* **TASK INSTRUCTIONS**
With the images removed, transcribe the listing that follows exactly.

* **PROVIDED DATA**

◇ ◇ ◇ ◇ ◇

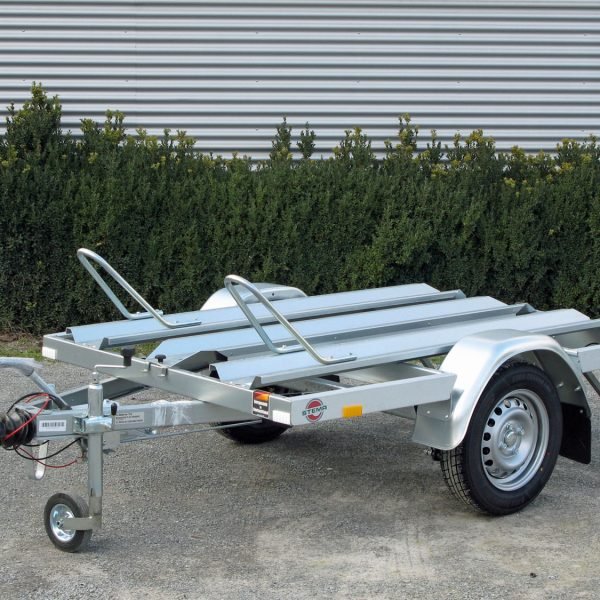 STEMA Motorradtransporter MT 850 BS3 – 3 Standschienen 100 km/h Stoßdämpfer – Ladefläche 194 × 108 cm – 850 kg – Einachser – Ansicht 1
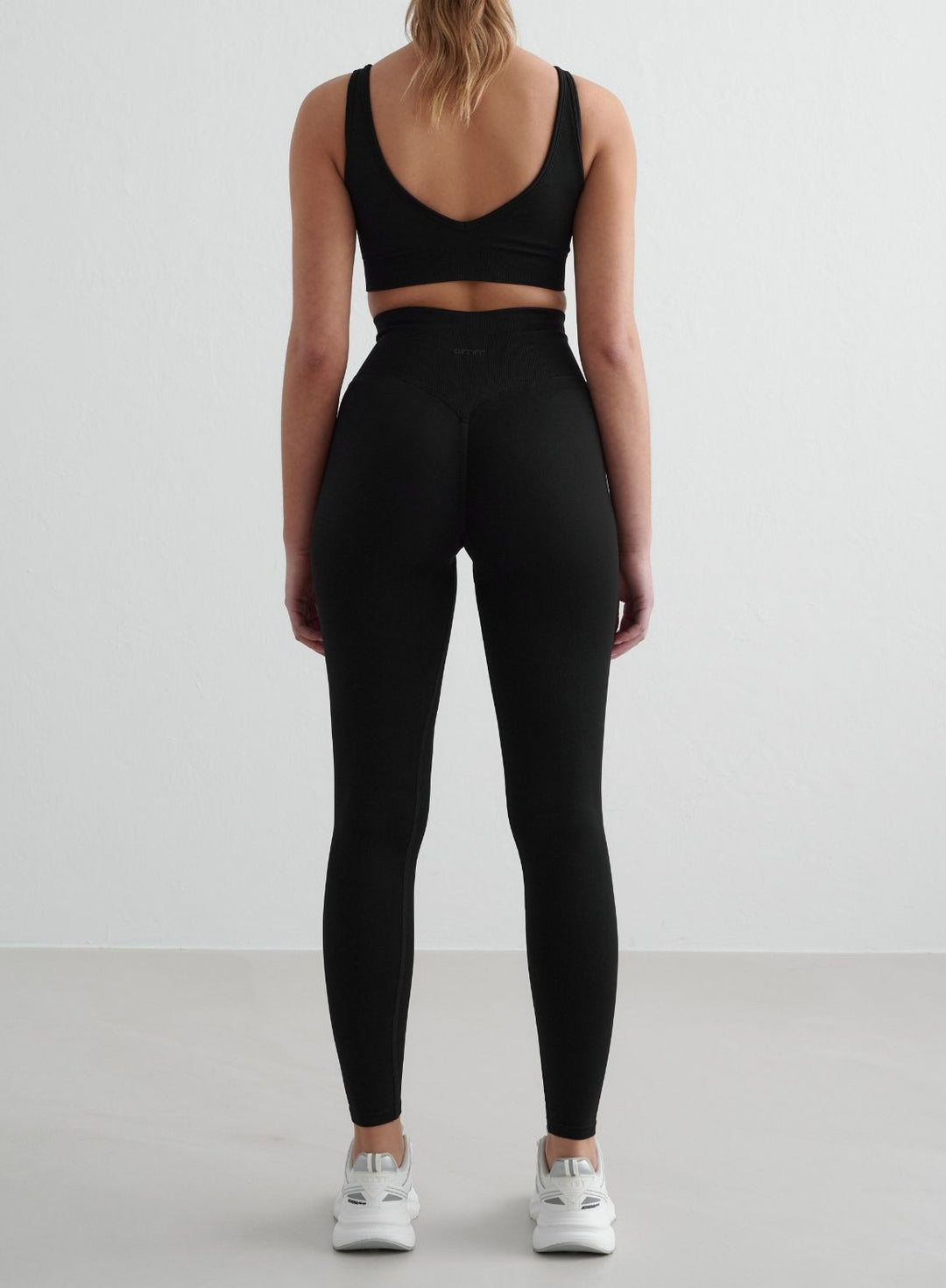 Black Shape Seamless Tights – AIM'N EU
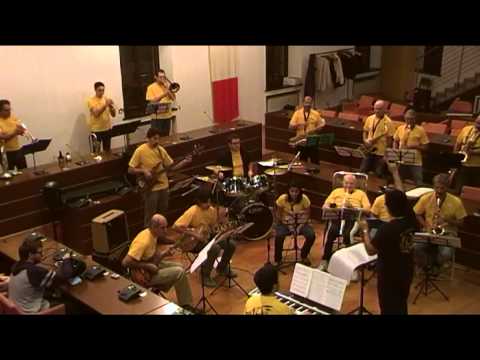 Fly me To the Moon 14 10 2012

◇ ◇ ◇ ◇ ◇

* **EXERCISE RESPONSE**
 STEMA Motorradtransporter MT 850 BS3 – 3 Standschienen 100 km/h Stoßdämpfer – Ladefläche 194 × 108 cm – 850 kg – Einachser – Ansicht 1
 Black Shape Seamless Tights – AIM'N EU
 Fly me To the Moon 14 10 2012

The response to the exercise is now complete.